Having recognized the tremendous market potential for Sherlock Holmes, Youku Tudou purchased the license for more than a billion yuan (about US$165 million) in order to combat rampant internet piracy with their own high-quality and timely foreign media online broadcasts.

“The BBC will directly provide us with official Chinese language subtitles… which is a first for a British drama released over Youku Tudou,” Zhu Xiangyang, Youku Tudou’s Chief Content Executive, explained. “After a review process where the site’s internal team confirms there are no problems with the video or the subtitles, the episode can immediately be released, and the whole process takes about four hours only.”

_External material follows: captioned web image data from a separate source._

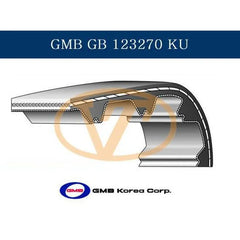 Captur Triger Kayışı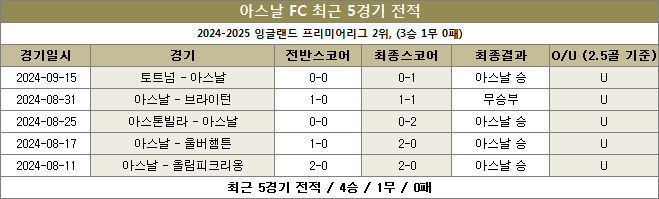 아스날 최근전적 이미지 20240920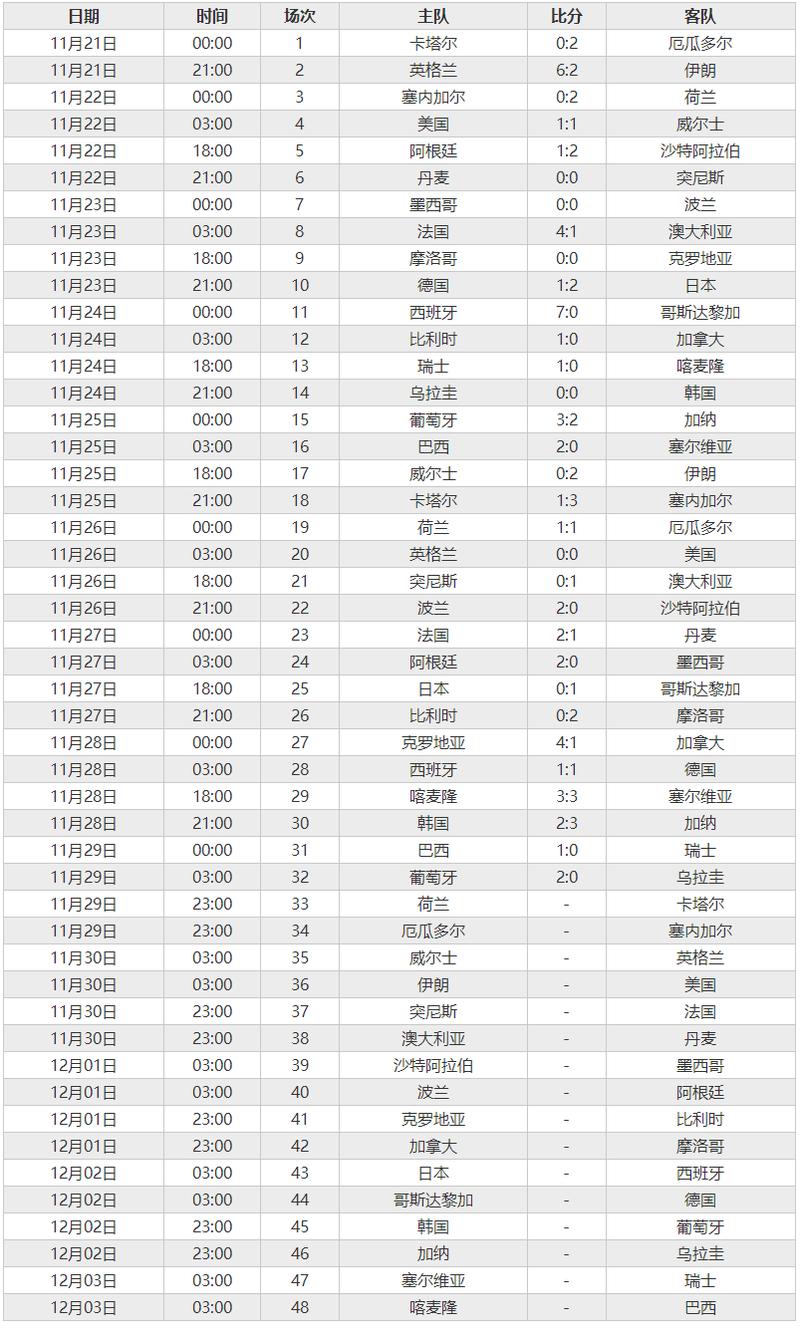 俄罗斯世界杯大数据揭示了哪些足坛新趋势?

Of course, there’s more to the story. From 2010 to 2013, the total amount of American dramas shown on Youku surged, maintaining the increasing rate of viewership at an exponential level. As the largest and most comprehensive Chinese online database of Western media, Youku Tudou monopolized licenses of 25 English-language dramas – viewership during the premiere of 2 Broke Girls’ Season 3 reached 4 million, while the number of people who tuned in for Agents of S.H.I.E.L.D. was 5 million.

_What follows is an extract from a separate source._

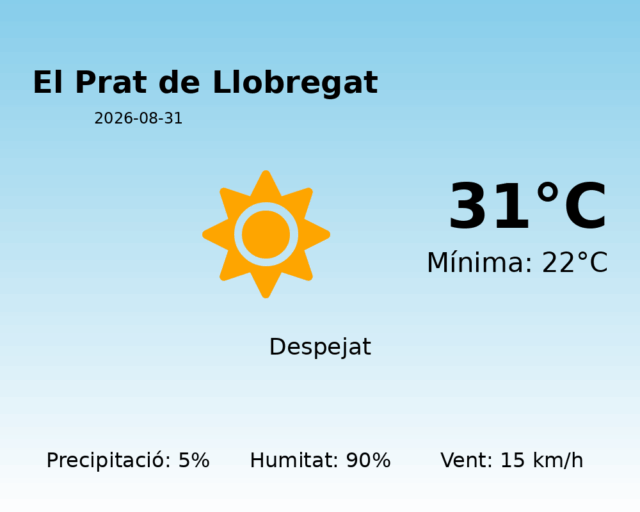 el-prat-de-llobregat_2026-08-31.png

For Chinese online video platforms, foreign dramas equal cash cows. After the State Administration of Radio Film and Television’s effective practice of wiping out online piracy, video websites seized the unprecedented opportunity of huge residual demand and built consumer loyalty by synchronizing more popular American and British dramas.


Gossip Girls in China

Though the price of each episode has risen (from roughly $20,000 to $120,000 yuan) due to fierce competition between different websites, it’s still a drop compared to advertising revenue. Apart from the huge audience, English-language TV dramas also effectively “catch” the eyeballs of the particular consumer segment most desired by advertisers: a typical viewer is a white-collar or an undergraduate student, who is generally well-educated and occupies a relatively higher position on the social ladder. The cultural scheme of targeting the right consumer group proved successful – in 2010, the estimated total revenue generated by the media importation was 1 billion, with future prospects was even more promising.

Nevertheless, though the online market is welcoming, Chinese government has “globalphobic” policies regarding other mediums. Due to the strict content restrictions on television, currently no Chinese TV channels broadcast American television dramas or shows.

On one hand, the general public might not respond well to the unfamiliar lives of people living on another continent – after all, China itself is a gigantic country with a lot happening domestically. On the other hand, an attempt to import Desperate Housewives on CCTV-8 proved a hilarious failure due to weird Chinese dubbing and the scrubbing of all sexual or violent scenes – the plot didn’t make any sense after editing. As well, other Asian countries, such as Korea, have their respective cultural protectionist policies in place to avoid western cultural domination.

The gauntlet’s thrown and trodden upon: the invisible culture war’s already begun.